Oct. 23 (Bloomberg) -- The Amateur Athletic Union said background checks found 150 adult participants in the U.S.’s biggest amateur sports organization with issues “that could prove to be problematic for AAU membership.”
The findings came from a screening of 27,000 adults between Sept. 1 and Oct. 15, the AAU said in a statement. It is performing security reviews on more than 100,000 coaches, adult athletes, volunteers and support staff to help identify those who might be threats to child athletes, including pedophiles and people convicted of drug-related offenses.
The background checks are part of steps to prevent abuse following allegations last year that a former president of the AAU, Bobby Dodd, molested two basketball players in the 1980s. Dodd denied the allegations and no formal charges have been brought against him.
“The steps that we have taken will safeguard children participating in amateur sports across the country,” AAU National President Henry Forrest said in the response. “It is our expectation that those involved in AAU programming share that philosophy, and the background checks provide an additional safeguard for our youth athletes.”
The AAU, which sponsors 250 national championships and 30,000 age-division events for more than 500,000 athletes every year, didn’t specify the offenses it found, citing privacy. It also refused to say how many of the 150 will be banned from the AAU. No one in the “problematic” group is on the board, the AAU said in an e-mail response to questions.
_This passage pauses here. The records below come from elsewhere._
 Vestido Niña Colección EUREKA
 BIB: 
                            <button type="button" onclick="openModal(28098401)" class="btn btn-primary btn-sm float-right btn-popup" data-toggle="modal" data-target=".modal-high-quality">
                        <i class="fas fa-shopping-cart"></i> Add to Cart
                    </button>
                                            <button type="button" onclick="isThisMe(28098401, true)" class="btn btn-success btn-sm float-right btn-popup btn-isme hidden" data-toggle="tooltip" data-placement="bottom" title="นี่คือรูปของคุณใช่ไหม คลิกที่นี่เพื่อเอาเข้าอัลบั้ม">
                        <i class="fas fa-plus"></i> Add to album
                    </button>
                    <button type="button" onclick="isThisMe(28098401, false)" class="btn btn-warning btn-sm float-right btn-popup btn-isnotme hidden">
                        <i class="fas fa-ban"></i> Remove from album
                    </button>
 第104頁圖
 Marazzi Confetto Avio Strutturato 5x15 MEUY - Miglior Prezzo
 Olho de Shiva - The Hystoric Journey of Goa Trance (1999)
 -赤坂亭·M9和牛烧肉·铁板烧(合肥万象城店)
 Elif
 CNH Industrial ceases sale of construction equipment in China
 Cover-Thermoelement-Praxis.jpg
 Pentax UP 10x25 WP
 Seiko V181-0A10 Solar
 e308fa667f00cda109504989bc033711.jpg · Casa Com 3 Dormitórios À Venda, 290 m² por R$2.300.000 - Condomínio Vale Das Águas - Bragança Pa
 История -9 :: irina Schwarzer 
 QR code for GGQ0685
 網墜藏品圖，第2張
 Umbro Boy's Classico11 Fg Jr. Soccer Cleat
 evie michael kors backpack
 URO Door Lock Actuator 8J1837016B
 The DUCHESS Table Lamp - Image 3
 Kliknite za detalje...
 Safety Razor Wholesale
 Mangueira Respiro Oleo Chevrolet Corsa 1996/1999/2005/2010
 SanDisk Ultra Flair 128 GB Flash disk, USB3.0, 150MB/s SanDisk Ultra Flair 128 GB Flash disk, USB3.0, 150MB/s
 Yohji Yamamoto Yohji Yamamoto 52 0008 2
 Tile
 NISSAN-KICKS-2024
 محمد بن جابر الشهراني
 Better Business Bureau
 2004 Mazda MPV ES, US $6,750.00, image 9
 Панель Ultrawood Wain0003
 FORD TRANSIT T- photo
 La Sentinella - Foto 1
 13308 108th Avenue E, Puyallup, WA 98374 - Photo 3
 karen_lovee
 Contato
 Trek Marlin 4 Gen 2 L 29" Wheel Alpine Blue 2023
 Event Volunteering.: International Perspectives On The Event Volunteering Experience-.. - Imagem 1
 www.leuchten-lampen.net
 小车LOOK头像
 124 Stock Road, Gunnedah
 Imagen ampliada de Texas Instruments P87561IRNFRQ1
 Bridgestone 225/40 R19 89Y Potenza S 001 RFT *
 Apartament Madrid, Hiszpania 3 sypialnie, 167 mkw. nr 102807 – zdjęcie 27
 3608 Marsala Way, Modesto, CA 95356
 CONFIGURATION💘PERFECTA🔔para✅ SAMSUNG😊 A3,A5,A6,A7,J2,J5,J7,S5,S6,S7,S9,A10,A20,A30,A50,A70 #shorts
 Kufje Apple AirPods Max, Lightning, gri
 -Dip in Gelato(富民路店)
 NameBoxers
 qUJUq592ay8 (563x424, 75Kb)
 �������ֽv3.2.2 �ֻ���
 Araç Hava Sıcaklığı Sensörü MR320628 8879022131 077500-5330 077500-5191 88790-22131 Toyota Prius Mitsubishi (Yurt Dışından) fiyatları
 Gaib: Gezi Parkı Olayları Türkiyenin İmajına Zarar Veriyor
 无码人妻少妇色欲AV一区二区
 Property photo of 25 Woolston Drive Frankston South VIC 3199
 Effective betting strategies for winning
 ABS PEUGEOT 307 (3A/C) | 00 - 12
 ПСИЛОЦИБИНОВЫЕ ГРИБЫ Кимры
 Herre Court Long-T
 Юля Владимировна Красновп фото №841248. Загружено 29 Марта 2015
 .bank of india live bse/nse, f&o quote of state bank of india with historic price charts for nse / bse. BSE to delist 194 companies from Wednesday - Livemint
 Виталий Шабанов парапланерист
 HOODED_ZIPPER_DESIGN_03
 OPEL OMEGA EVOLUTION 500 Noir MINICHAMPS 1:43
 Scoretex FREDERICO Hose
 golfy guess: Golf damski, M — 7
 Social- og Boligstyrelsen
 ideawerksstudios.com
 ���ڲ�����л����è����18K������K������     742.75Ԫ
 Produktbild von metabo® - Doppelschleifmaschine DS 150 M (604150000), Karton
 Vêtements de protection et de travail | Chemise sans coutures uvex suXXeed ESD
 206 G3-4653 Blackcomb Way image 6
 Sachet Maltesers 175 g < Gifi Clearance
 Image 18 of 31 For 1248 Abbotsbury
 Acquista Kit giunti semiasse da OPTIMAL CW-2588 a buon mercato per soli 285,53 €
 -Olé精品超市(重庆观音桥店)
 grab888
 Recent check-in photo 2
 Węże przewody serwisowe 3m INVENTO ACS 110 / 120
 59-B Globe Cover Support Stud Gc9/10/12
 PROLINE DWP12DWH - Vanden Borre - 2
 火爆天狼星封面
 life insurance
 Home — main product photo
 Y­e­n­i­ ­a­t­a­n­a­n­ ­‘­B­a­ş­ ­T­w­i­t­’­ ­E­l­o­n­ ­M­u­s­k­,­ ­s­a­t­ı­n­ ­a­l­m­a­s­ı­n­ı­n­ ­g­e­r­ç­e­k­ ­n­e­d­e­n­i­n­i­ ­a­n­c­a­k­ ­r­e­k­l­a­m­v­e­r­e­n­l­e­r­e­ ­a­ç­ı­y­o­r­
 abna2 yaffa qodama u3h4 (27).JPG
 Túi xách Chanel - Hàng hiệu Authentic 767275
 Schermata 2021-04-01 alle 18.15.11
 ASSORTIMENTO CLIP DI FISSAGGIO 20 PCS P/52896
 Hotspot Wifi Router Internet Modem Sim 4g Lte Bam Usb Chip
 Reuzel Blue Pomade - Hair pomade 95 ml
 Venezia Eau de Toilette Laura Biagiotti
In June, the AAU announced that it would conduct background checks, ban one-on-one contact between adults and youths and require volunteers and staff to report any suspected child abuse to law enforcement and AAU officials.
The organization hired Alpharetta, Georgia-based LexisNexis Risk Solutions, a division of London-based Reed Elsevier, to conduct the background searches following a seven-month review of its safety policies.
Forrest said that adult memberships and renewals are slightly higher than a year ago without giving figures.